Scraped caption text data:
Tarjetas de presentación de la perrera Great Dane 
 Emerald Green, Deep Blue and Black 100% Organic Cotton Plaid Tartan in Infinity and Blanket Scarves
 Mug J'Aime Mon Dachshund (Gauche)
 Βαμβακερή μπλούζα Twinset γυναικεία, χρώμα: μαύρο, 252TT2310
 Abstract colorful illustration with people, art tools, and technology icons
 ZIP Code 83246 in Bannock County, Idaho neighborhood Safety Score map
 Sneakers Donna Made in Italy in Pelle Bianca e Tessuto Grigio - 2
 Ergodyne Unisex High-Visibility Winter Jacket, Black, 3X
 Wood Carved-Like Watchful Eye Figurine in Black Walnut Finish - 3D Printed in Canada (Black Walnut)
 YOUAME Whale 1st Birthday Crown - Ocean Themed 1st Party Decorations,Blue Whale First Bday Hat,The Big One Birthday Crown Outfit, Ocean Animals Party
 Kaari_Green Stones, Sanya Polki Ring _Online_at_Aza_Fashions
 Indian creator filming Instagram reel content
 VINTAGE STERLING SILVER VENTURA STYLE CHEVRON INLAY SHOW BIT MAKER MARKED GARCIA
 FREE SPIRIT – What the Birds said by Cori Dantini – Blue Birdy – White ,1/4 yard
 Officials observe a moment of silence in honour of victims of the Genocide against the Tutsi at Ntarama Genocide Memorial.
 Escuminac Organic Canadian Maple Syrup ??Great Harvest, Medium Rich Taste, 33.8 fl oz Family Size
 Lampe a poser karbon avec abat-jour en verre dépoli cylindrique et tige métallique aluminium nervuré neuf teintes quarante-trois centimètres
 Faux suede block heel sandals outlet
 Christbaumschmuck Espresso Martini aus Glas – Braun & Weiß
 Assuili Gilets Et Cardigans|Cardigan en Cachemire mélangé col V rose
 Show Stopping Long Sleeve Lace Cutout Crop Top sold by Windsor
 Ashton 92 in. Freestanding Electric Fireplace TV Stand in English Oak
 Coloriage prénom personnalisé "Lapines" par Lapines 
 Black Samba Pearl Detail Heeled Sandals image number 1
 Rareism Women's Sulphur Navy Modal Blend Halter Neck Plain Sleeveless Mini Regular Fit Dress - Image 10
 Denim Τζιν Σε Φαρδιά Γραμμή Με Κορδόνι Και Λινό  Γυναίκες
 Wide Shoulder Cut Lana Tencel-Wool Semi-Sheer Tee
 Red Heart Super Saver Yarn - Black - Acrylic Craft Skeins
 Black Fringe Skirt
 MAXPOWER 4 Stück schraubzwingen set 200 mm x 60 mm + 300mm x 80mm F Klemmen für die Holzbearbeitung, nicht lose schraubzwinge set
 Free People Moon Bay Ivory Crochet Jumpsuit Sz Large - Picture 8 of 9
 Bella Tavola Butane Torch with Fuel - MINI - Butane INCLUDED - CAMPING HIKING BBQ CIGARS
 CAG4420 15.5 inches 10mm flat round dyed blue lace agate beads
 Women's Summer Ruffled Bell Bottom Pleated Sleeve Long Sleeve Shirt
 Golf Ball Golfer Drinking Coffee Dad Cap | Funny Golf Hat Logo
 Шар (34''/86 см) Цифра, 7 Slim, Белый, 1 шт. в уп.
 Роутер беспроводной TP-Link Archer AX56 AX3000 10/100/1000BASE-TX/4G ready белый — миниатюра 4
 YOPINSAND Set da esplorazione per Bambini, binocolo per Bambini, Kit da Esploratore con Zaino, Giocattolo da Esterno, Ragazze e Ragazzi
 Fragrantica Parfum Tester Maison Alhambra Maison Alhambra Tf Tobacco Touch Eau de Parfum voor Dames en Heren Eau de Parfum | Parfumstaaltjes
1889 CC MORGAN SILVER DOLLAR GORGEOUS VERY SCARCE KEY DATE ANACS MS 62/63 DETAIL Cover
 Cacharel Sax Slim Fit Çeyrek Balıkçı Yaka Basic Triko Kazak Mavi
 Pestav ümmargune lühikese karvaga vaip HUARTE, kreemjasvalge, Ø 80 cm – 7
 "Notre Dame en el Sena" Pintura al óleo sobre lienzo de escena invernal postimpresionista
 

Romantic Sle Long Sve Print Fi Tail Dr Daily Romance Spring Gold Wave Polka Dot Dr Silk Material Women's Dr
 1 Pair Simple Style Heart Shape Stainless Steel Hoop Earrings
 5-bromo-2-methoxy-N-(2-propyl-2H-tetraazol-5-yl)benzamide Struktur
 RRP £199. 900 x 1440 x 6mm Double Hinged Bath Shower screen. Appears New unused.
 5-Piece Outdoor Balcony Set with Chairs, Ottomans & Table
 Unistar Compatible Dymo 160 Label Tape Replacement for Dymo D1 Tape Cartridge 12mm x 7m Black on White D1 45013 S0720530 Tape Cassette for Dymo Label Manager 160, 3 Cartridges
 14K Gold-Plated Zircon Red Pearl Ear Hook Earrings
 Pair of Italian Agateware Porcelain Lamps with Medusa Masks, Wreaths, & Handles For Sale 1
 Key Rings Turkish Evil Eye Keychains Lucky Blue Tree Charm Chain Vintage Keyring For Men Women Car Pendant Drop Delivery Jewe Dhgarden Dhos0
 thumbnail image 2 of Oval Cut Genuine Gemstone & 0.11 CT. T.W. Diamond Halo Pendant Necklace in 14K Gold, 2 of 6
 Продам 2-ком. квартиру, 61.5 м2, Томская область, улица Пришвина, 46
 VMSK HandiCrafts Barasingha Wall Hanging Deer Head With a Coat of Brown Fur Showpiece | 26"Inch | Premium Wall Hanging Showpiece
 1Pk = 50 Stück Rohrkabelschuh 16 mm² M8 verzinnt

TASK TO COMPLETE> Please reproduce exactly the lines above, beginning with the first and ending with the line that contains "YOUAME Whale 1st", and include nothing outside that range.

REPLY>
Tarjetas de presentación de la perrera Great Dane 
 Emerald Green, Deep Blue and Black 100% Organic Cotton Plaid Tartan in Infinity and Blanket Scarves
 Mug J'Aime Mon Dachshund (Gauche)
 Βαμβακερή μπλούζα Twinset γυναικεία, χρώμα: μαύρο, 252TT2310
 Abstract colorful illustration with people, art tools, and technology icons
 ZIP Code 83246 in Bannock County, Idaho neighborhood Safety Score map
 Sneakers Donna Made in Italy in Pelle Bianca e Tessuto Grigio - 2
 Ergodyne Unisex High-Visibility Winter Jacket, Black, 3X
 Wood Carved-Like Watchful Eye Figurine in Black Walnut Finish - 3D Printed in Canada (Black Walnut)
 YOUAME Whale 1st Birthday Crown - Ocean Themed 1st Party Decorations,Blue Whale First Bday Hat,The Big One Birthday Crown Outfit, Ocean Animals Party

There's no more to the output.